Women and Duchenne theme continued with another paper trying to elucidate why some female carriers have symptoms and others have not. Today’s pick is from BMC medical genetics by Brioschi et al from Alessandra Ferlini’s group. Doi 10.1186/1471-2350-13-73

Genetic characterization in symptomatic female DMD carriers: lack of relationship between X-inactivation, transcriptional DMD allele balancing and phenotype

Authors introduce that it makes sense that some women have Duchenne, e.g. translocation mutations (see Sept 1 thread), or women with Turner syndrome and a dystrophin mutation (Turner patients have only 1 X-chromosome), or women who have two mutated dystrophin genes.

However, carriers have one functional and one mutated dystrophin gene. Authors wanted to elucidate why some carriers manifest symptoms, while others do not. They studied 7 manifesting and 11 non-manifesting carriers.

All 18 women had elevated CK levels, while the 7 manifesting carriers also had muscle weakness and pain with an age of onset of 2-43 years. None of the 18 women had heart pathology.

Staining of muscle biopsies showed a mosaic dystrophin pattern for both manifesting and non-manifesting carriers as well as signs of muscle damage and regeneration.

Authors then looked at X-inactivation patterns in the muscle biopsy. They used a proxy marker for this, the androgen gene (also located on the X-chromosome). In addition, they studied how much dystrophin was expressed from each of the two genes (so mutated and functional transcripts).
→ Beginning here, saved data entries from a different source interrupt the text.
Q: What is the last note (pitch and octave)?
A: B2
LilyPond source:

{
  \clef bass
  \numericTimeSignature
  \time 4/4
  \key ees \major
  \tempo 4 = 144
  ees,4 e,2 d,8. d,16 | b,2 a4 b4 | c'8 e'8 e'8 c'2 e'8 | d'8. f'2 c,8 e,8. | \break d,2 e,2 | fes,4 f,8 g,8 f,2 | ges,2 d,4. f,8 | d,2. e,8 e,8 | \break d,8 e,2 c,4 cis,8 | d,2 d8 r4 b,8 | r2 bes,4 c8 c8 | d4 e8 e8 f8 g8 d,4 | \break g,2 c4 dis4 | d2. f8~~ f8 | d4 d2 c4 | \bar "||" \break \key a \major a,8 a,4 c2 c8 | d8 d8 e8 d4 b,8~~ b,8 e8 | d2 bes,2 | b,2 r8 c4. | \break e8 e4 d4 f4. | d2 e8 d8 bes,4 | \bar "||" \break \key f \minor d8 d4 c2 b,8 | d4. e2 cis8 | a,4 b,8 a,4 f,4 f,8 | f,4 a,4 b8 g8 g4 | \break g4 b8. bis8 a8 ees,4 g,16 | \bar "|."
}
Interestingly, there was little correlation between X-inactivation and how much dystrophin was expressed from each gene. This suggests that skewed X-inactivation is not a likely cause of manifesting symptoms for carriers.

Authors note that for the 1 patient with the most severe symptoms, dystrophin levels were very low, while they were higher for an asymptomatic carrier. However, they performed this analysis only for these 2 individuals so it is premature to really draw strong conclusions.
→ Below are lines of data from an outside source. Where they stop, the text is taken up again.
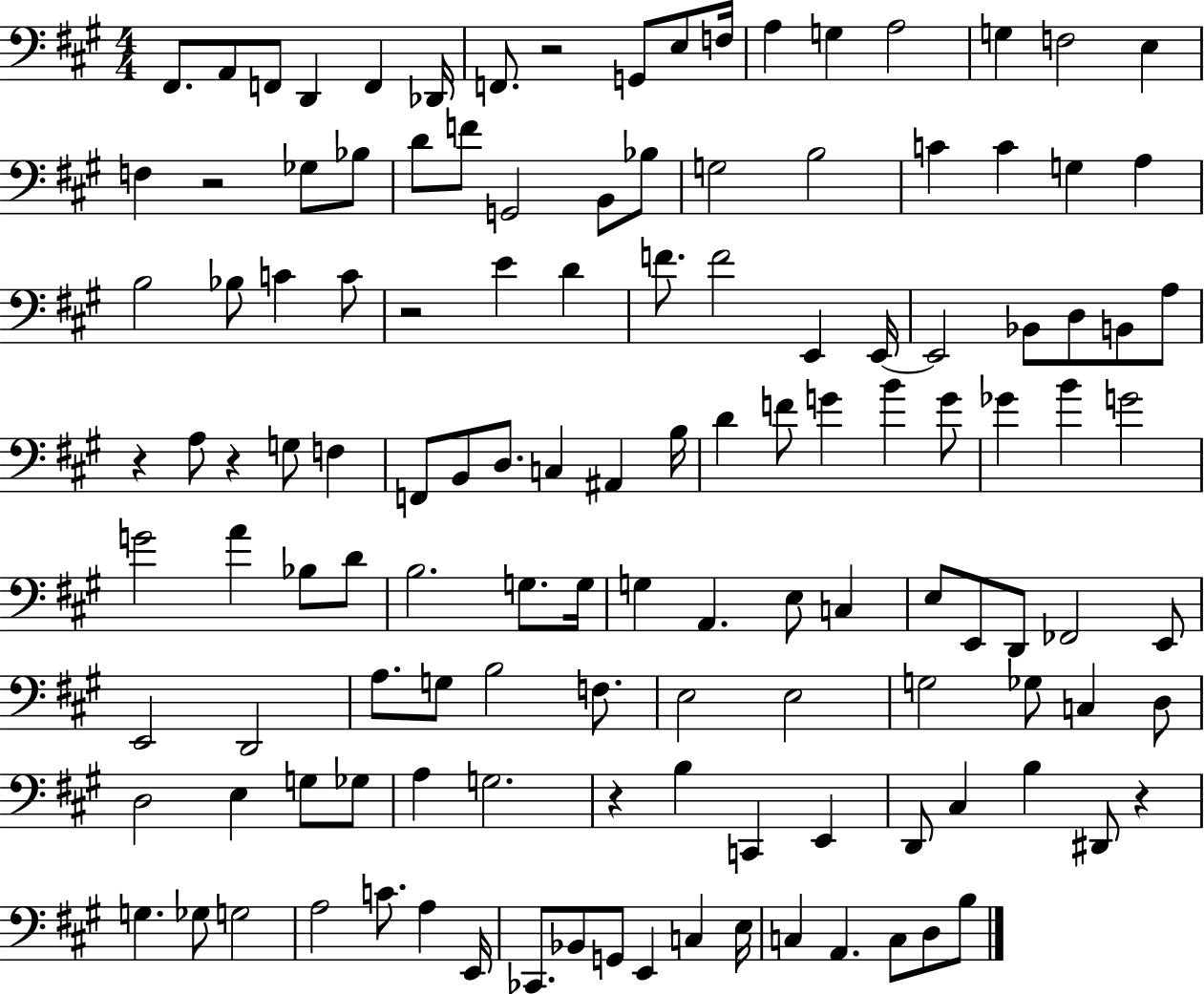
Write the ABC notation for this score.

X:1
T:Untitled
M:4/4
L:1/4
K:A
^F,,/2 A,,/2 F,,/2 D,, F,, _D,,/4 F,,/2 z2 G,,/2 E,/2 F,/4 A, G, A,2 G, F,2 E, F, z2 _G,/2 _B,/2 D/2 F/2 G,,2 B,,/2 _B,/2 G,2 B,2 C C G, A, B,2 _B,/2 C C/2 z2 E D F/2 F2 E,, E,,/4 E,,2 _B,,/2 D,/2 B,,/2 A,/2 z A,/2 z G,/2 F, F,,/2 B,,/2 D,/2 C, ^A,, B,/4 D F/2 G B G/2 _G B G2 G2 A _B,/2 D/2 B,2 G,/2 G,/4 G, A,, E,/2 C, E,/2 E,,/2 D,,/2 _F,,2 E,,/2 E,,2 D,,2 A,/2 G,/2 B,2 F,/2 E,2 E,2 G,2 _G,/2 C, D,/2 D,2 E, G,/2 _G,/2 A, G,2 z B, C,, E,, D,,/2 ^C, B, ^D,,/2 z G, _G,/2 G,2 A,2 C/2 A, E,,/4 _C,,/2 _B,,/2 G,,/2 E,, C, E,/4 C, A,, C,/2 D,/2 B,/2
It is good that authors looked at X-inactivation patters in muscle rather than blood (as is often done). However, the pattern in one piece of one muscle may still not be reflective of all the muscles. There is no way around this problem so authors did as well as they could.

Unfortunately, while the paper reveals that skewed X-inactivation is likely NOT to underly the manifesting of symptoms for patients, it does not reveal what IS the cause. Sadly, this is still unknown.